Google Gemini Models

ModelAPI Model IDDescription
Gemini 3 Pro 🍌gemini-3-pro-previewGoogle's most intelligent model with state-of-the-art reasoning, built for agentic workflows
Gemini 3 Pro Image 🍌gemini-3-pro-image-previewNative image generation with contextual understanding, supports up to 4K images
Veo 3.1 Fast 📹veo-3.1-fast-generate-previewFast video generation with native audio (recommended for most use cases)
Veo 3.1 Standard 📹veo-3.1-generate-previewPremium video generation with exceptional quality and cinematic realism

OpenAI GPT Models

ModelAPI Model IDDescription
GPT-5.2gpt-5.2Latest GPT-5 model with improved performance
GPT-5gpt-5OpenAI's most advanced multimodal model
GPT-5 Minigpt-5-miniCost-effective GPT-5 variant
GPT-5 Nanogpt-5-nanoUltra-fast and cost-effective for simple tasks
GPT-4.1gpt-4.1Enhanced coding and reasoning capabilities
GPT-4ogpt-4oFlagship multimodal model
o1o1Advanced reasoning model for complex problems
o3o3Latest reasoning model with improved performance

Text Generation Model Selection

By default, Cosmic uses Claude Sonnet 4.5 for text generation.
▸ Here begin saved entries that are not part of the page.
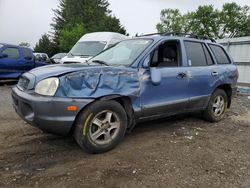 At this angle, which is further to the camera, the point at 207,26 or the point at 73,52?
the point at 207,26

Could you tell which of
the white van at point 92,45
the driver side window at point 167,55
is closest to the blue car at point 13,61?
the white van at point 92,45

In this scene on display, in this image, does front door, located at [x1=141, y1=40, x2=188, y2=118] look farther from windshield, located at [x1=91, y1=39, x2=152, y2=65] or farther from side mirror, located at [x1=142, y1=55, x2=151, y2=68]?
windshield, located at [x1=91, y1=39, x2=152, y2=65]

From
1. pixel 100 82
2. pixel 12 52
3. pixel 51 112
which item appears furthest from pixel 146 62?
pixel 12 52

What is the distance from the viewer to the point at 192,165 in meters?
3.75

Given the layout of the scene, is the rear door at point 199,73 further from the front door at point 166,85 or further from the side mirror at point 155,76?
the side mirror at point 155,76

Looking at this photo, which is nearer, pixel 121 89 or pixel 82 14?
pixel 121 89

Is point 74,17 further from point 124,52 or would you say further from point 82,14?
point 124,52

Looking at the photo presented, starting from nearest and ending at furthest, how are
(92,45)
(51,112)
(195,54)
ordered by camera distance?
(51,112) < (195,54) < (92,45)

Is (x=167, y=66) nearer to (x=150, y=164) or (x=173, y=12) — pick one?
(x=150, y=164)

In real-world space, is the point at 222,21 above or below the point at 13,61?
above

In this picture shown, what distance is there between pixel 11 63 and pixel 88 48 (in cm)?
322

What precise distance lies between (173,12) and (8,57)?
176 feet

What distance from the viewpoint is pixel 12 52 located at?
1155 centimetres

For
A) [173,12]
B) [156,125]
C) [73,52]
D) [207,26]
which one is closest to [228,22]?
[207,26] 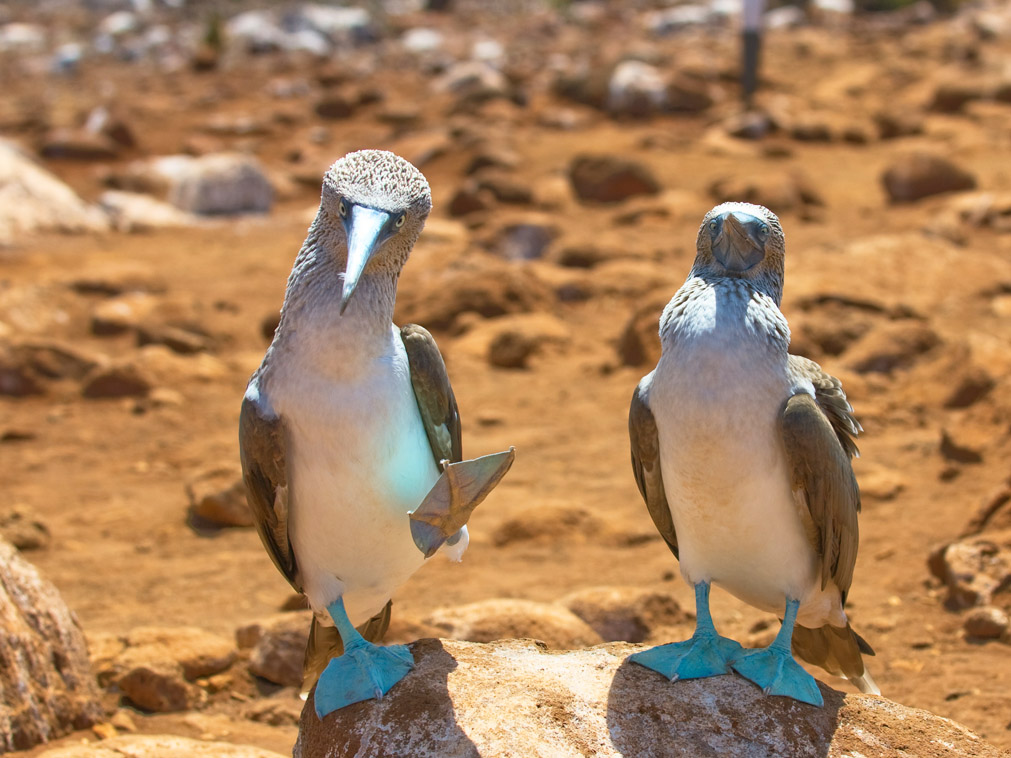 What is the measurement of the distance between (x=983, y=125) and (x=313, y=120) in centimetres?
1296

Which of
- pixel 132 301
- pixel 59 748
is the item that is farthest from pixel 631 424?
pixel 132 301

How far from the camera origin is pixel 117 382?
10.8 metres

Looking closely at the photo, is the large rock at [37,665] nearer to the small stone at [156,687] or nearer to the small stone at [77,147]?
the small stone at [156,687]

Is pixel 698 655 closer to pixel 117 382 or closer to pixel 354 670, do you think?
pixel 354 670

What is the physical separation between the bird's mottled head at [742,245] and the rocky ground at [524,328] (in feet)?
7.66

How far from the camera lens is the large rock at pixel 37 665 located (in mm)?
4746

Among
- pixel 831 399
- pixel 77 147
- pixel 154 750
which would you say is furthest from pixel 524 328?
pixel 77 147

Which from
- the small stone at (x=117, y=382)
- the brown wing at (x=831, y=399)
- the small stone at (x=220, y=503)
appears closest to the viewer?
the brown wing at (x=831, y=399)

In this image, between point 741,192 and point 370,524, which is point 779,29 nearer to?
point 741,192

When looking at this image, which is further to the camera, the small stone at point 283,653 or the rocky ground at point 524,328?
the rocky ground at point 524,328

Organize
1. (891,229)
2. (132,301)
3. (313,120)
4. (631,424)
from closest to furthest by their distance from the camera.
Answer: (631,424), (132,301), (891,229), (313,120)

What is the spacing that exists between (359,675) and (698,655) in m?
1.17

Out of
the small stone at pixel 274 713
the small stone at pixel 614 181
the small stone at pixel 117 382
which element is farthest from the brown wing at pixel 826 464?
the small stone at pixel 614 181

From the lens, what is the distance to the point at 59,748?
187 inches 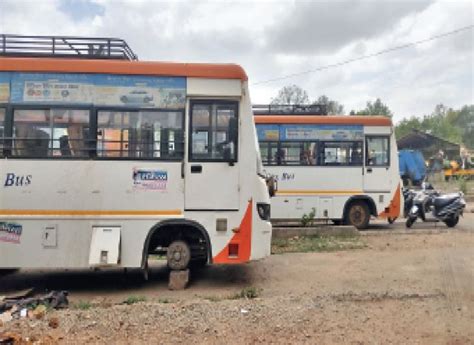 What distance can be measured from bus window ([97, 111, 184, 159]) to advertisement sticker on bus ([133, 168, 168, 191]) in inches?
9.5

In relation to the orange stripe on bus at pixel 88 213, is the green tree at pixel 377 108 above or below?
above

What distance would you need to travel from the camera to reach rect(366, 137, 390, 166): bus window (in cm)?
1252

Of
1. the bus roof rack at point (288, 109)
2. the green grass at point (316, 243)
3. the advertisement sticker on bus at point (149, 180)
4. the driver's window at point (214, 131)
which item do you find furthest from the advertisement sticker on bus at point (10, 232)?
the bus roof rack at point (288, 109)

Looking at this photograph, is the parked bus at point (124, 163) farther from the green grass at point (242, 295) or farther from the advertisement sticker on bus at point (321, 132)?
the advertisement sticker on bus at point (321, 132)

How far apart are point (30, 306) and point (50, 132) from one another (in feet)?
8.35

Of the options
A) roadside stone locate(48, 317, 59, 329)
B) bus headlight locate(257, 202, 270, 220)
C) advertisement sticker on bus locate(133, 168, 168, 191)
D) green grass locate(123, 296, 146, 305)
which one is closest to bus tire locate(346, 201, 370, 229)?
bus headlight locate(257, 202, 270, 220)

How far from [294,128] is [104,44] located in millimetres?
6577

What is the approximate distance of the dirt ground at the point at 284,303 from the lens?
4.59m

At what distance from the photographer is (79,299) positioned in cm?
638

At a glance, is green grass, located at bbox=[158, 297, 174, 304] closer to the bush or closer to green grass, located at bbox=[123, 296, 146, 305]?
green grass, located at bbox=[123, 296, 146, 305]

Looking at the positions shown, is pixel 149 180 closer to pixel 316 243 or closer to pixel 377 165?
pixel 316 243

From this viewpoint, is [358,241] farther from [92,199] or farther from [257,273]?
[92,199]

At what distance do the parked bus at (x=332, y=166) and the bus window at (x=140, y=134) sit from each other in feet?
19.5

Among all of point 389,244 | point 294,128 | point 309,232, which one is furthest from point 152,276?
point 294,128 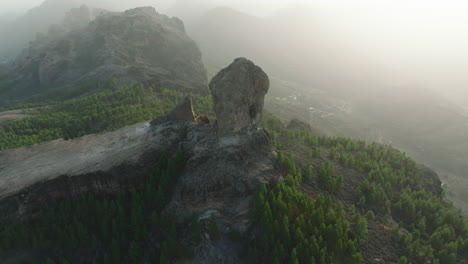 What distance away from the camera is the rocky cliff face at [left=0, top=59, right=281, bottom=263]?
55.2 ft

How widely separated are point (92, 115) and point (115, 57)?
125ft

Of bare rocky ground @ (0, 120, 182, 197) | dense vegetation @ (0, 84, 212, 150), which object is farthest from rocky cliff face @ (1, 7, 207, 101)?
bare rocky ground @ (0, 120, 182, 197)

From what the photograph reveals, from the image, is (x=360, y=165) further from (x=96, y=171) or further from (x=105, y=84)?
(x=105, y=84)

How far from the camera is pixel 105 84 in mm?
58938

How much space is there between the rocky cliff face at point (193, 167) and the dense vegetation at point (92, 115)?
40.2 feet

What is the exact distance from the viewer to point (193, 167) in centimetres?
1839

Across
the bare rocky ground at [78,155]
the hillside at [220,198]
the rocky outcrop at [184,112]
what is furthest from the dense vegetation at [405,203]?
the bare rocky ground at [78,155]

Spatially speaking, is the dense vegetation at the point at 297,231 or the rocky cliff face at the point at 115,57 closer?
the dense vegetation at the point at 297,231

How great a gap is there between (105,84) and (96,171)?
1790 inches

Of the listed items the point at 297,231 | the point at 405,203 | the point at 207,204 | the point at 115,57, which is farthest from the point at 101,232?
the point at 115,57

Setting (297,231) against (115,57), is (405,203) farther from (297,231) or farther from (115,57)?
(115,57)

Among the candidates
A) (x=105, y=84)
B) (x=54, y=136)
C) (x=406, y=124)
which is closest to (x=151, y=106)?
(x=54, y=136)

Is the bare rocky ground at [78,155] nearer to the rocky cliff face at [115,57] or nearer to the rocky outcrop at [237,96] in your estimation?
the rocky outcrop at [237,96]

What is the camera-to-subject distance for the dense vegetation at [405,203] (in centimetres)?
1802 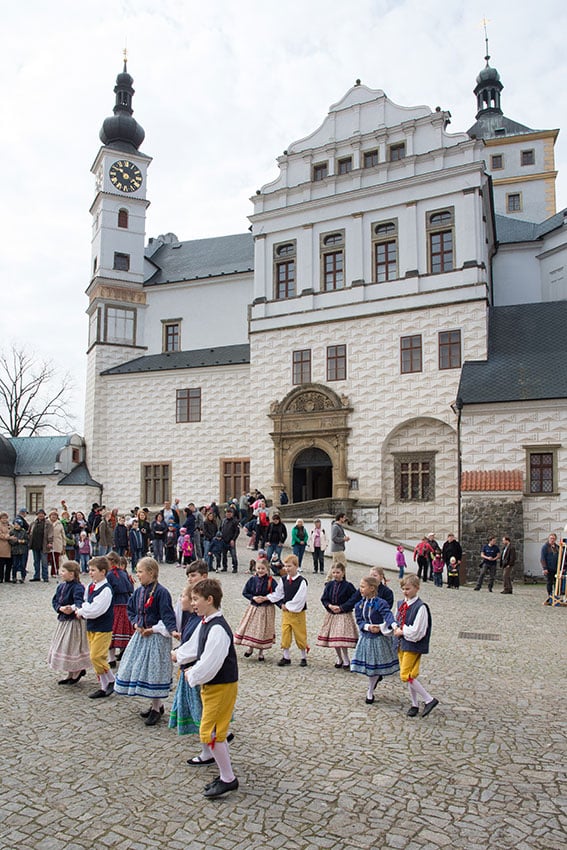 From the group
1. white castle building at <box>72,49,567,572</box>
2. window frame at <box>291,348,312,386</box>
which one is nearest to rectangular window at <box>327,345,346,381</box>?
white castle building at <box>72,49,567,572</box>

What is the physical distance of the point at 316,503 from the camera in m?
27.5

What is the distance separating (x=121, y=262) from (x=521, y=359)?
73.3 feet

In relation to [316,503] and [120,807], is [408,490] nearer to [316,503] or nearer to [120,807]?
[316,503]

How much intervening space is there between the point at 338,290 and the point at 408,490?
9356mm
You can specify a different model by including the model parameter in your request:

// Using Claude
const response = await cosmic.ai.generateText({
  prompt: 'Write a product description',
  model: 'claude-opus-4-5-20251101', // Optional: specify model
  max_tokens: 500
})

// Using Gemini for agentic workflows
const geminiResponse = await cosmic.ai.generateText({
  prompt: 'Analyze this content and suggest improvements',
  model: 'gemini-3-pro-preview', // Use Gemini 3 Pro
  max_tokens: 500
})

Or using cURL:

# Using Claude
curl https://workers.cosmicjs.com/v3/buckets/${BUCKET_SLUG}/ai/text \
  -d '{"prompt":"Write a product description","model":"claude-opus-4-5-20251101","max_tokens":500}' \
  -H 'Content-Type: application/json' \
  -H "Authorization: Bearer {BUCKET_WRITE_KEY}"

# Using Gemini
curl https://workers.cosmicjs.com/v3/buckets/${BUCKET_SLUG}/ai/text \
  -d '{"prompt":"Analyze this content and suggest improvements","model":"gemini-3-pro-preview","max_tokens":500}' \
  -H 'Content-Type: application/json' \
  -H "Authorization: Bearer {BUCKET_WRITE_KEY}"

Image Generation Models

Google Gemini Image Models

ModelAPI Model IDDescriptionSupported Sizes
Gemini 3 Pro Image 🍌gemini-3-pro-image-previewNative image generation with contextual understanding (default, recommended)1024x1024, 2048x2048, 4096x4096

OpenAI DALL-E Models

ModelAPI Model IDDescription
DALL-E 3dall-e-3OpenAI's latest image generation model

Image Generation Model Selection

By default, Cosmic uses Gemini 3 Pro Image for image generation. You can explicitly specify the model by including the model parameter in your request.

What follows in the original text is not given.